Kepala SMP Negeri 7 Ambon Anthon Anakotta,S.Pd, menyampaikan TKA diikuti 206 siswa dan berlangsung sukses. Meski pengawasan berbasis komputer terasa ketat dan sempat membingungkan sebagian siswa, sosialisasi dan kelas pemantapan yang dilakukan intensif memberi hasil memuaskan. Capaian nilai Bahasa Indonesia banyak mencapai angka 90-an. Sementara kendala masih terlihat pada aspek numerasi, dengan 10–15 persen siswa mengalami kesulitan.
Sekolah juga bersiap membagikan rapor siswa kelas VII dan VIII pada 20 Juni mendatang. Sistem penilaian kini sepenuhnya berbasis online sehingga nilai rapor tidak dapat diubah secara manual.
Proses penerimaan murid baru terus berjalan. Saat ini SMP Negeri 7 Ambon telah menerima sekitar 150 siswa baru melalui jalur online dan 30 siswa melalui jalur manual, termasuk penanganan khusus bagi calon siswa dari luar rayon akibat perpindahan domisili orang tua. Jumlah tersebut masih berpotensi bertambah, seiring harapan dibukanya pendaftaran tahap kedua untuk mengisi kuota sembilan kelas yang tersedia.
Minat masyarakat yang tinggi menjadikan SMP Negeri 7 Ambon kian diminati. Ragam program ekstrakurikuler dan torehan prestasi sekolah menjadi daya tarik tersendiri bagi orang tua.
Untuk mendukung kesejahteraan siswa, sekolah menyediakan dispenser dan galon air minum di setiap kelas. Fasilitas itu berpadu dengan Program MBG dari pemerintah pusat yang membawa dampak signifikan terhadap kehadiran dan keaktifan siswa.
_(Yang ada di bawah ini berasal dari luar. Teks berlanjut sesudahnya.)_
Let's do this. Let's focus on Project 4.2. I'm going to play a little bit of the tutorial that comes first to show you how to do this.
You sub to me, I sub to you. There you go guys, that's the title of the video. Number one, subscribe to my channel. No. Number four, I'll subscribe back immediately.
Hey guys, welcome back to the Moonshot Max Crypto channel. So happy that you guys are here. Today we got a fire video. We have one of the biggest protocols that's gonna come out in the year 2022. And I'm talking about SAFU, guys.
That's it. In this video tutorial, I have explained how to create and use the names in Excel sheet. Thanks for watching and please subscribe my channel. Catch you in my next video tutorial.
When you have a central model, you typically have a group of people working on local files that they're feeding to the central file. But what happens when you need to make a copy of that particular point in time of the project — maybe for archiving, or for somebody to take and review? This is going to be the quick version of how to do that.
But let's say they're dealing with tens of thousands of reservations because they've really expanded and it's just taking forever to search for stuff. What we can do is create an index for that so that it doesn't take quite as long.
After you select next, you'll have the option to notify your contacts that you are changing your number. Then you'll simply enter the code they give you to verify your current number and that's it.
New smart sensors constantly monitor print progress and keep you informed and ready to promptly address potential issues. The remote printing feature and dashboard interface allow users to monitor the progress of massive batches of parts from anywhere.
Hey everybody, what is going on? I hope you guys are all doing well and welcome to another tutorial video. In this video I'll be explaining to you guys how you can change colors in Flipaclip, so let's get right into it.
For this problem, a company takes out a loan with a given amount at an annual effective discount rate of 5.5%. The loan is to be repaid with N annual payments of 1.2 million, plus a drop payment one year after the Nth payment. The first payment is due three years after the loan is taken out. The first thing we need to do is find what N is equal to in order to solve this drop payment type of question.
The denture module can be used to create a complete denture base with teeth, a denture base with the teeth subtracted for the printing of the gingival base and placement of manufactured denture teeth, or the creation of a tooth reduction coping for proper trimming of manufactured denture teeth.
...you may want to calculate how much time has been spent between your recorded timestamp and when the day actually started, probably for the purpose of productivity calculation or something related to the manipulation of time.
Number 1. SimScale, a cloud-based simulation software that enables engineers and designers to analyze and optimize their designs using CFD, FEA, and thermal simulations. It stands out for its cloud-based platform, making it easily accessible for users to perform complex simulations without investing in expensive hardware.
“Hasil pemetaan kami menunjukkan sekitar 70 persen dari 700 siswa berasal dari keluarga yang tidak memiliki pekerjaan tetap. Selama ini kendala mereka datang ke sekolah adalah tidak ada ongkos transportasi dan datang dengan perut kosong,” ungkap Anthon.
Ia menambahkan, MBG sangat membantu siswa di kawasan timur Indonesia, khususnya Maluku. Masalah siswa mengantuk saat pelajaran karena tidak sempat sarapan kini mulai teratasi. Menu dari dapur MBG di kawasan Poka Ambon dinilai bersih, bergizi, dan bervariasi, mulai dari ayam, tempe, sayur, hingga susu yang dikemas higienis.
“Lebih dari sekadar memenuhi kebutuhan gizi, MBG menghadirkan kebahagiaan dan rasa syukur. Anak-anak jadi lebih semangat belajar dan kehadiran mereka semakin baik. Ini bukti bahwa pemenuhan kebutuhan dasar sangat berpengaruh pada kualitas pembelajaran,” tutup Anthon Anakotta.